# Blue heeler/ Beagle/ Pitbull



## Skyla84 (Apr 10, 2014)

I know for a fact he is part blue heeler and beagle and pitbull as his mom is beagle and blue heeler and dad is pitbull. My question is can you tell he has pitbull in him?.


----------



## TheHiddenAngel (Mar 21, 2014)

Aw, he's adorable.
To answer your question though; no, I can't really tell. He might when he's older since he's just a pup now, you never know.


----------



## randallpits (Oct 20, 2013)

Doesn't matter if we can tell. Why would you ask if you already know for sure? He is what he is , and you obviously already know for sure. I agree though . Cute puppy! Give him a wonderful happy life.


----------



## Skyla84 (Apr 10, 2014)

randallpits said:


> Doesn't matter if we can tell. Why would you ask if you already know for sure? He is what he is , and you obviously already know for sure. I agree though . Cute puppy! Give him a wonderful happy life.


The reason why I asked is because I have never seen a mix like that and its odd how he is but can't really tell unless you really look at him and why ask why? Funny how a rude response ends with a compliment.


----------



## ThaLadyPit (Oct 12, 2008)

Skyla84 said:


> The reason why I asked is because I have never seen a mix like that and its odd how he is but can't really tell unless you really look at him and why ask why? Funny how a rude response ends with a compliment.
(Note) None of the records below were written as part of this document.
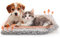 HezzLuv Selbstheizende Katzendecke 90 x 60 cm, Katze Selbstwärmende Decke, Haustier Wärmekissen Wärmedecke, Heizdecke Heizkissen für Hunde, rutschfest, Flauschig & Weich für Innen und Außen Waschbar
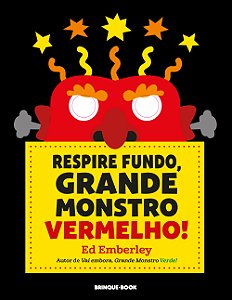Livro Respire Fundo, Grande Monstro Vermelho!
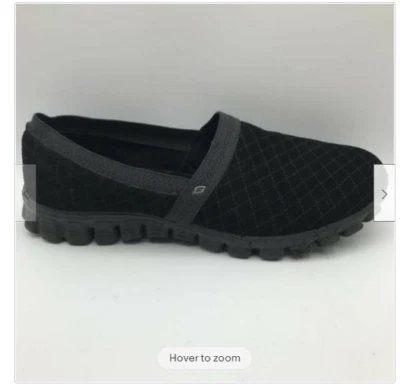 Skechers Flex Memory Foam Ez Flex 2 Cuddled Up Womens Black 7.5 Shoes New - Image 1 of 2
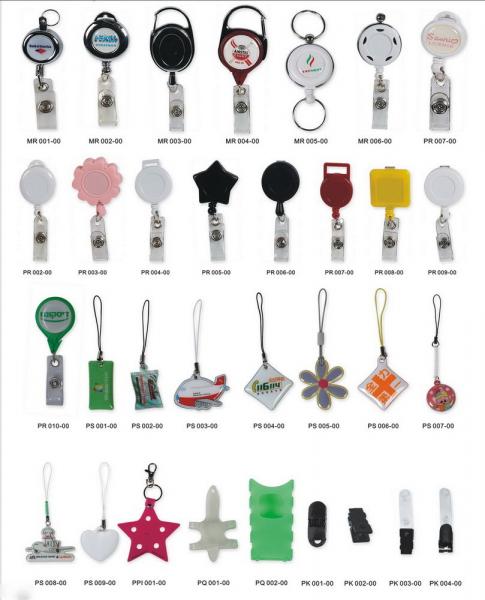 Quality Lanyard Accessory ABS Retractable Badge Holder , Mobile Phone Strap for sale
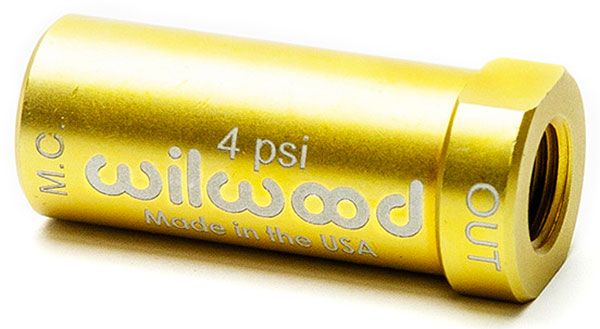 Wilwood Residual Pressure Valve, 4 psi, Gold WB260-15365 - Prolink Performance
Trust me, Randall wasn't being rude. I know you didn't ask this, but in my opinion, it would be in your best interest to not even regard or acknowledge the "pit" in your adorable little mixed puppy. Simply omit that part when someone asks what he is for reasons of Breed Specific or Breed Discriminatory law, to protect you and him. He is definitely a cute little thing though.


----------